━━━━━ GIVEN RECORDS

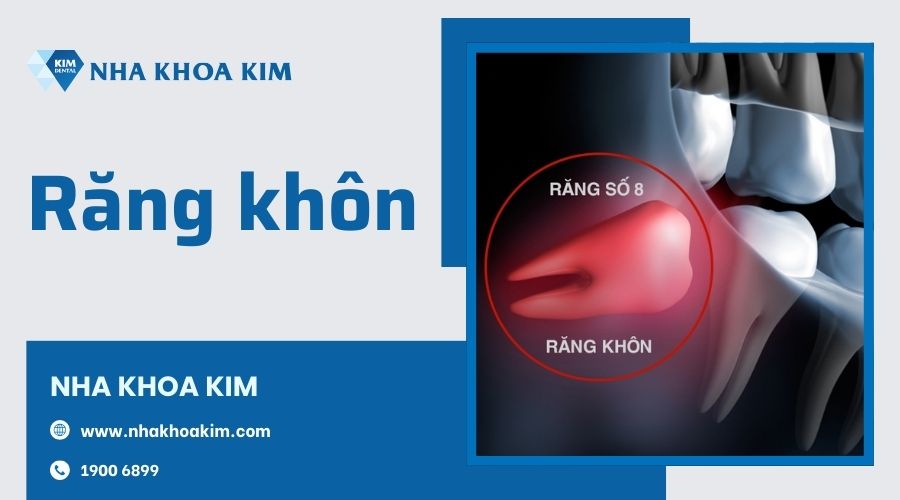 Răng khôn là răng như thế nào?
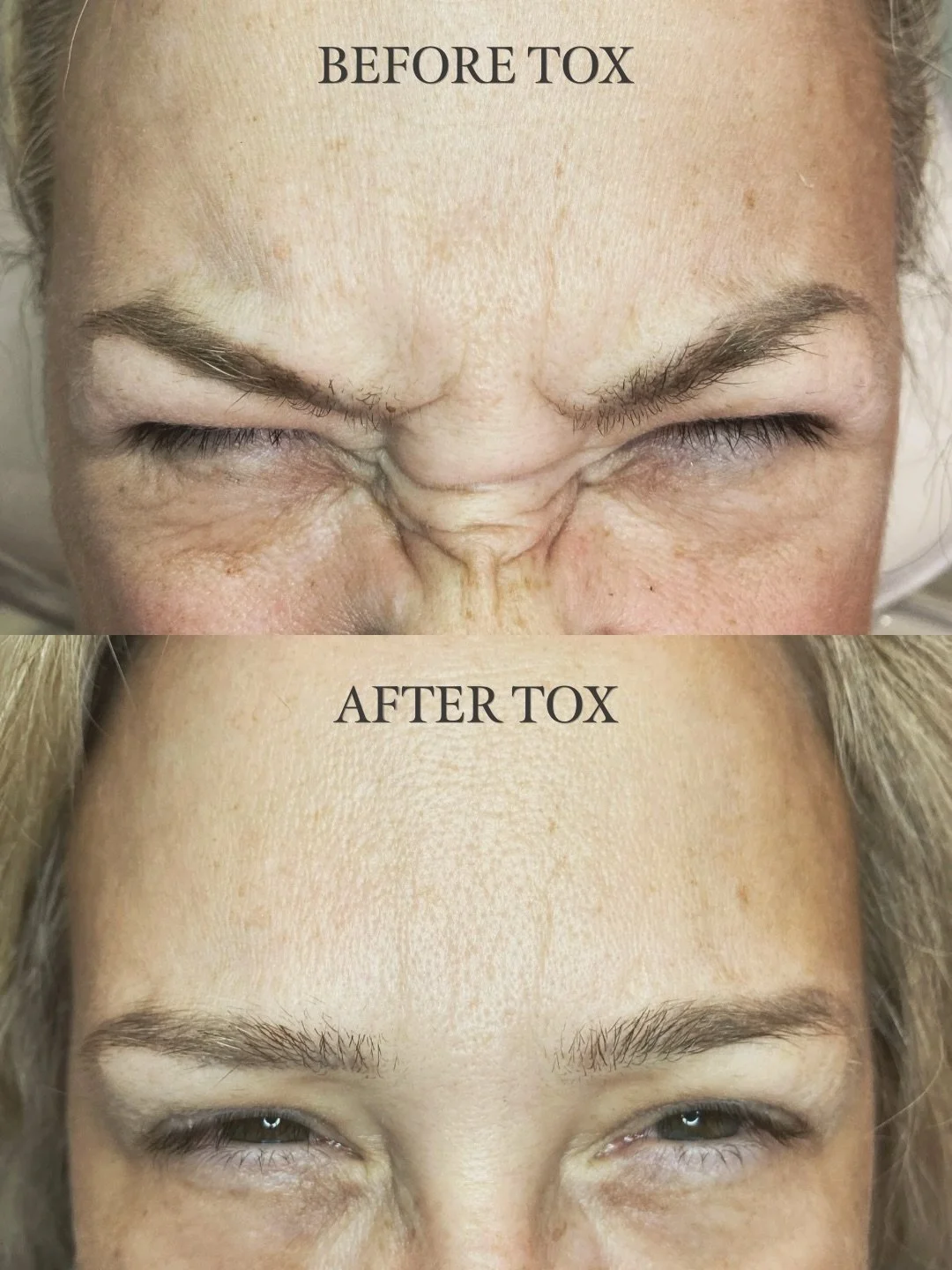 DYSPORT!

That&rsquo;s all. Dysport. Dysport is the best. Smooth foreheads 4 lyfe ✌🏻

&bull;
&bull;
&bull;

#KindredYYC  #InglewoodYYC #CalgaryNurseInjector #YYCInjectables #YYCBotox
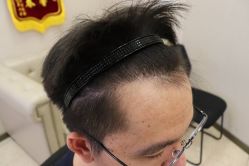 -大麦微针植发丨全国连锁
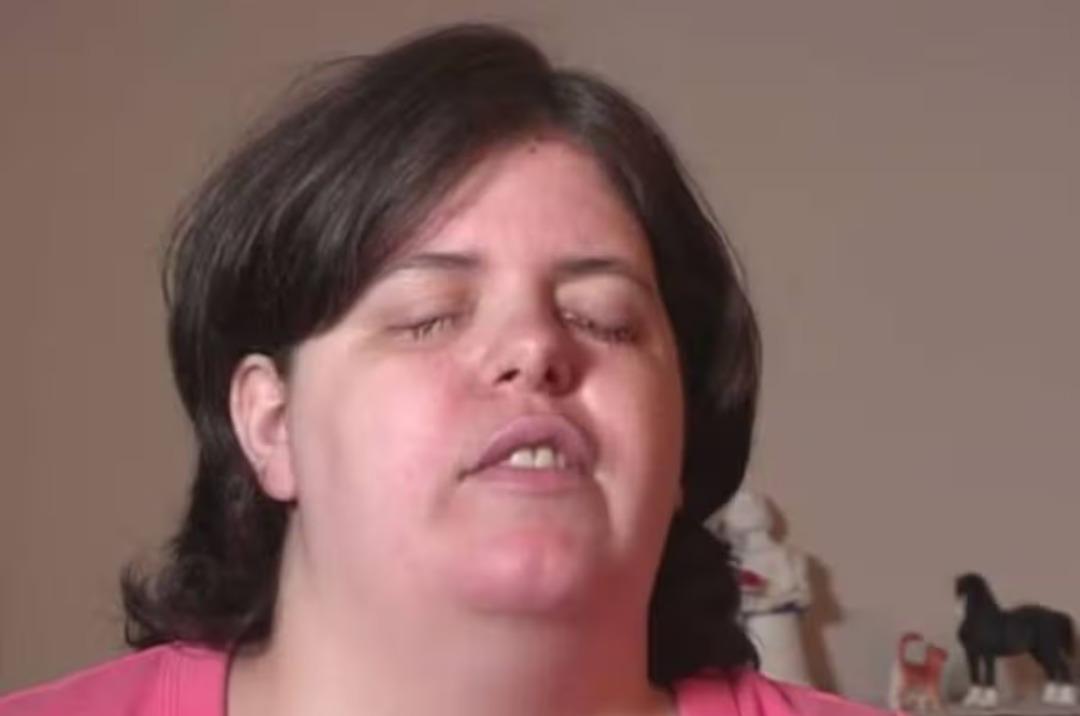 Kendini psikolog olarak tanıtıp kadının g&ouml;zlerine deterjan enjekte etti! 2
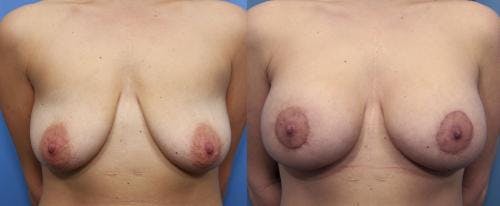 Breast Lift with Augmentation Before & After Gallery - Patient 58490420 - Image 1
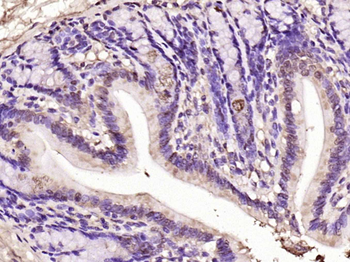 Notch1 Rabbit Polyclonal Antibody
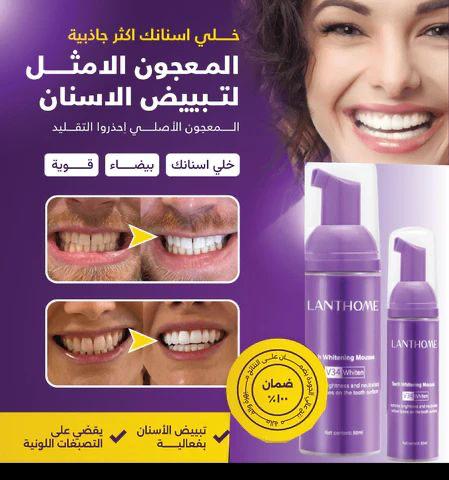 V34 TEETH WHITENING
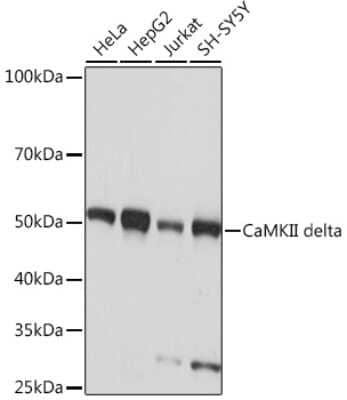 Western Blot: CaM Kinase II delta Antibody (10M1P2) [NBP3-16783] - Western blot analysis of extracts of various cell lines, using CaM Kinase II delta Rabbit mAb (NBP3-16783) at 1:1000 dilution. Secondary antibody: HRP Goat Anti-Rabbit IgG (H+L) at 1:10000 dilution. Lysates/proteins: 25ug per lane. Blocking buffer: 3% nonfat dry milk in TBST. Detection: ECL Basic Kit. Exposure time: 10s.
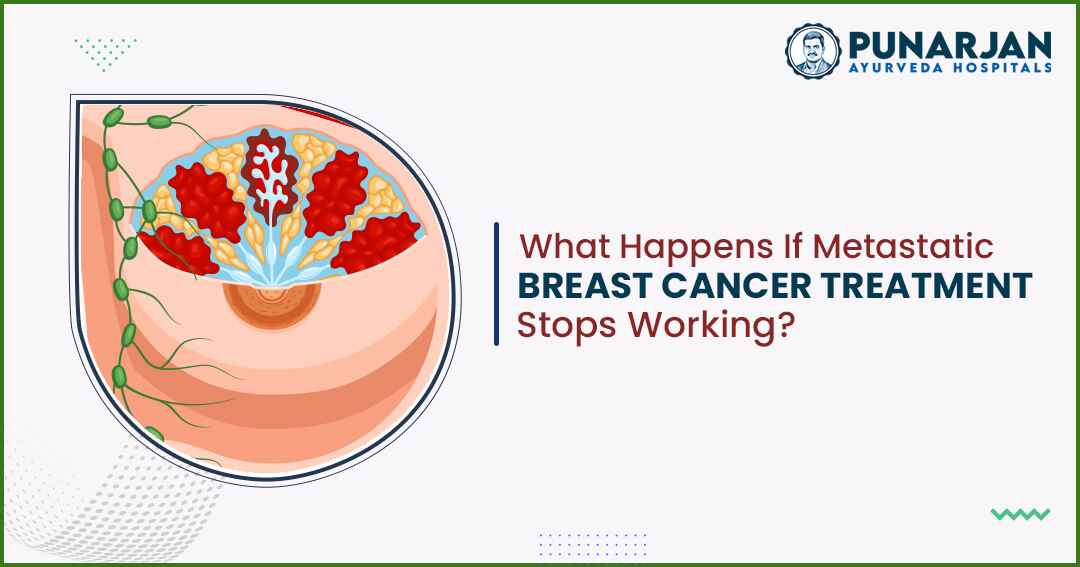 If Metastatic Breast Cancer Treatment Stops Working Then What Happens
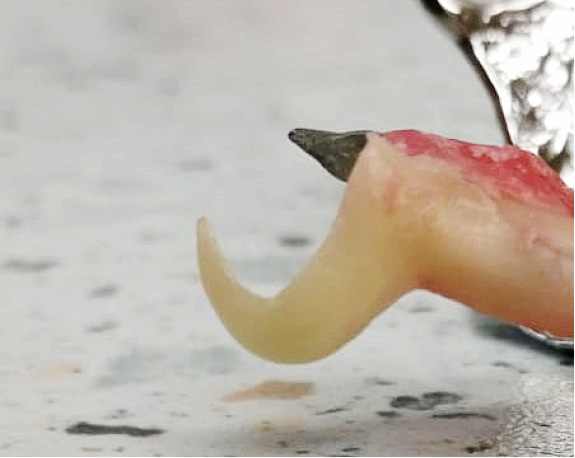 TPS_6_21_sprzet_i_materialy_natalia_debowska_PROTEZY_ALTERNATYWNE_MATERIALY_FOT_5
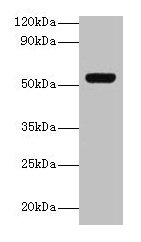 Western blot All lanes: GC antibody at 2µg/ml + A549 whole cell lysate Secondary Goat polyclonal to rabbit IgG at 1/10000 dilution Predicted band size: 53, 40, 56 kDa Observed band size: 53 kDa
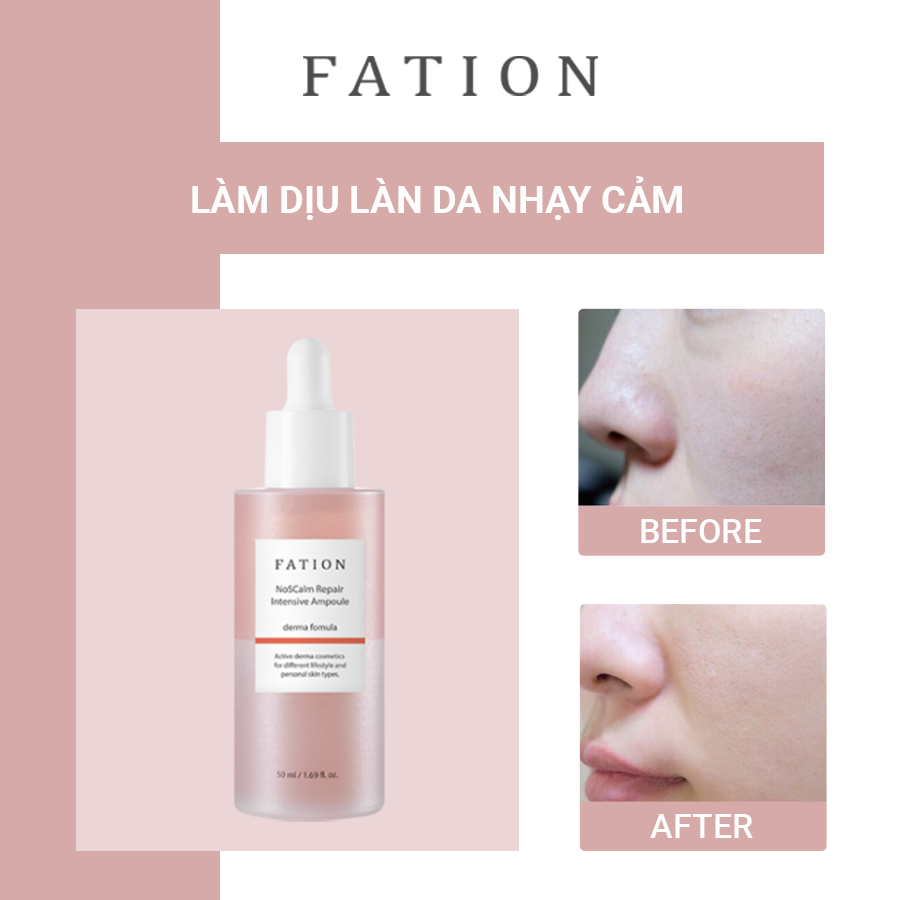 Set of 4 products to support skin recovery FATION brand - 5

━━━━━━━━━━

§ **PROBLEM DETAILS**: Please leave the images out and retype the rest of the material exactly.

§ **WORKED SOLUTION**:
 Răng khôn là răng như thế nào?
 DYSPORT!

That&rsquo;s all. Dysport. Dysport is the best. Smooth foreheads 4 lyfe ✌🏻

&bull;
&bull;
&bull;

#KindredYYC  #InglewoodYYC #CalgaryNurseInjector #YYCInjectables #YYCBotox
 -大麦微针植发丨全国连锁
 Kendini psikolog olarak tanıtıp kadının g&ouml;zlerine deterjan enjekte etti! 2
 Breast Lift with Augmentation Before & After Gallery - Patient 58490420 - Image 1
 Notch1 Rabbit Polyclonal Antibody
 V34 TEETH WHITENING
 Western Blot: CaM Kinase II delta Antibody (10M1P2) [NBP3-16783] - Western blot analysis of extracts of various cell lines, using CaM Kinase II delta Rabbit mAb (NBP3-16783) at 1:1000 dilution. Secondary antibody: HRP Goat Anti-Rabbit IgG (H+L) at 1:10000 dilution. Lysates/proteins: 25ug per lane. Blocking buffer: 3% nonfat dry milk in TBST. Detection: ECL Basic Kit. Exposure time: 10s.
 If Metastatic Breast Cancer Treatment Stops Working Then What Happens
 TPS_6_21_sprzet_i_materialy_natalia_debowska_PROTEZY_ALTERNATYWNE_MATERIALY_FOT_5
 Western blot All lanes: GC antibody at 2µg/ml + A549 whole cell lysate Secondary Goat polyclonal to rabbit IgG at 1/10000 dilution Predicted band size: 53, 40, 56 kDa Observed band size: 53 kDa
 Set of 4 products to support skin recovery FATION brand - 5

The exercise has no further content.